AIM OF THE TASK: Reproduce every line of the material below, but drop the pictures.

DATASET SECTION:
■ ■ ■ ■ ■

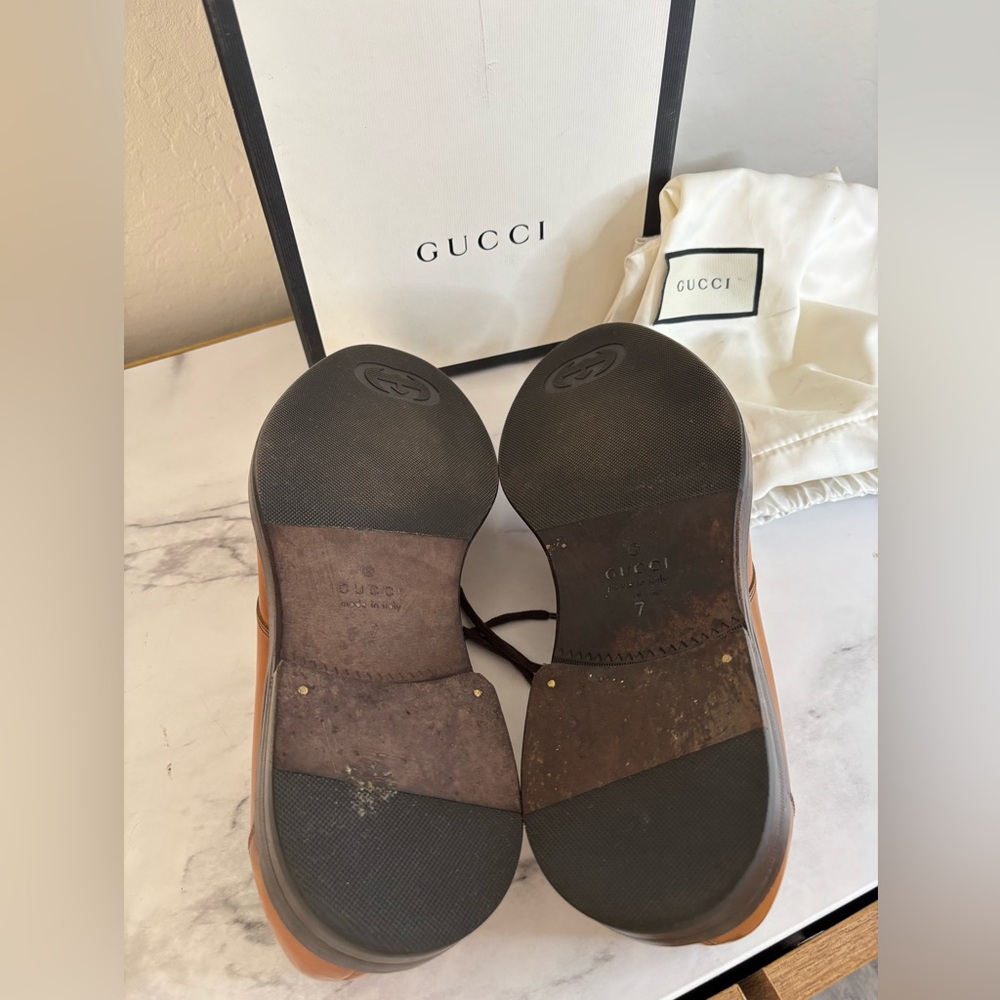 Gucci logo-debossed leather Derby shoes - Picture 9 of 12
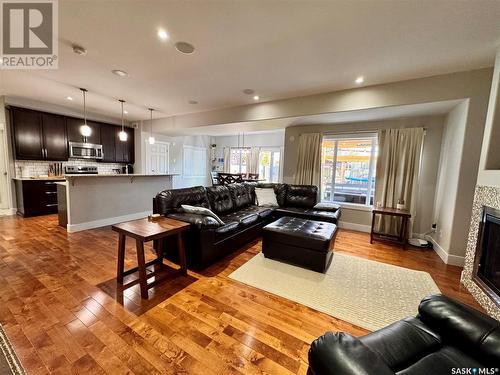 422 Willowgrove Crescent, Saskatoon, SK - Indoor Photo Showing Living Room With Fireplace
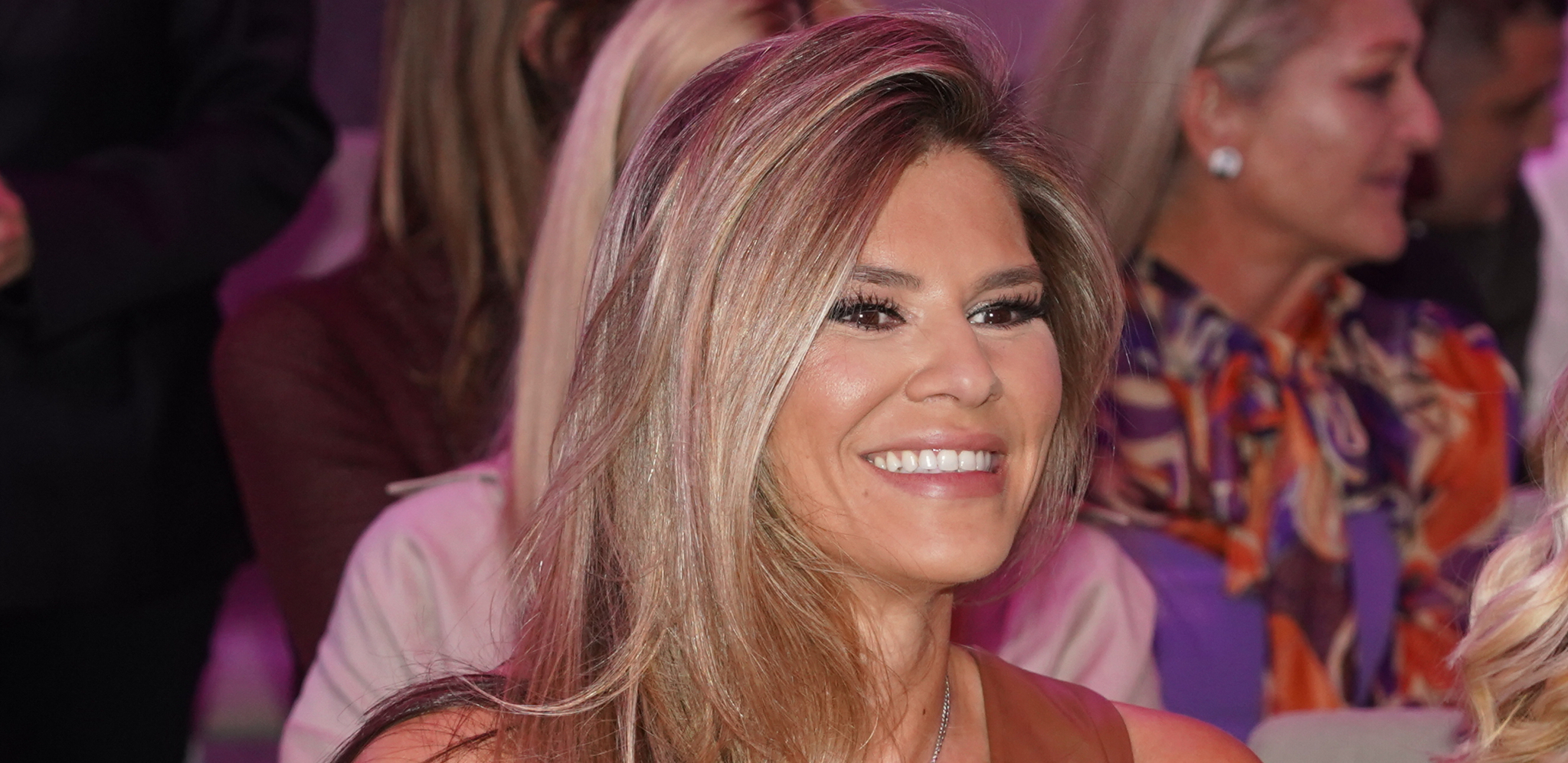 ZAŠTO MELINA KRIJE DEČKA OD JAVNOSTI? Razvela se zbog moćnika, obasipa je skupocenim poklonima, a ovo su detalji o njemu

■ ■ ■ ■ ■

WRITTEN RESPONSE:
 Gucci logo-debossed leather Derby shoes - Picture 9 of 12
 422 Willowgrove Crescent, Saskatoon, SK - Indoor Photo Showing Living Room With Fireplace
 ZAŠTO MELINA KRIJE DEČKA OD JAVNOSTI? Razvela se zbog moćnika, obasipa je skupocenim poklonima, a ovo su detalji o njemu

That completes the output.